# Pulling on the leash



## resterline (Feb 12, 2012)

I'm getting ready to adopt a GSD from a rescue. I visited her today and took her for a walk. She was found as a stray and has no leash manners. She pretty much tried to drag me while walking her (it doesn't help that I'm a petite 5' tall woman). She started choking because she couldn't breath when I first started walking her. 

What can I do to teach her to not pull while we're walking? 

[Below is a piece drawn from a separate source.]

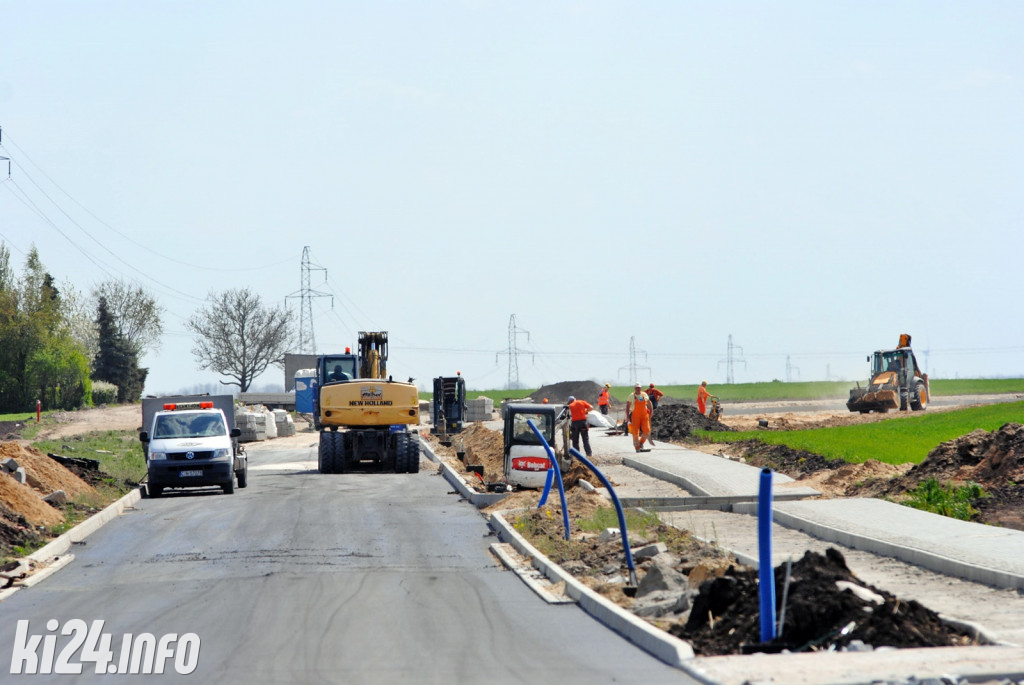 Budowa ronda u zbiegu uicy Długiej u Marulewskiej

She is about one and is really smart. So, I think she'll catch on quick. Plus, she was pretty excited when we got there to look at her. She'll probably be a little calmer once she is at our house. When we got her away from the people and other dogs that were there, she did calm down a little. 

Thanks!


----------



## msvette2u (Mar 20, 2006)

Try these!

How to Train a Dog to Heel - Dog Training by K9-1.com - YouTube


----------



## resterline (Feb 12, 2012)

Thanks!! I think I'll be watching a lot of YouTube videos in the next few weeks!


----------



## OriginalWacky (Dec 21, 2011)

resterline said:


> Thanks!! I think I'll be watching a lot of YouTube videos in the next few weeks!


DO a search for the user kikopup on youtube, her videos are fantastic!


----------



## Joyb0218 (Apr 23, 2012)

OriginalWacky said:


> DO a search for the user kikopup on youtube, her videos are fantastic!


:thumbup: kikopup - YouTube


----------



## spidermilk (Mar 18, 2010)

Looks like you got good training advice. In addition I would get a front clip harness because there are some times when you will HAVE to take your dog places before they are fully trained. Like the vet.

There was a stray dog in our neighborhood (APBT?) who we grabbed, put a collar on, and started knocking on doors to find her home. I was shocked at how strong she was! She had no leash manners. I can control my 70 lb GSD, but she was literally pulling me over. Wish I had put a harness on her instead of the flat collar we used.


----------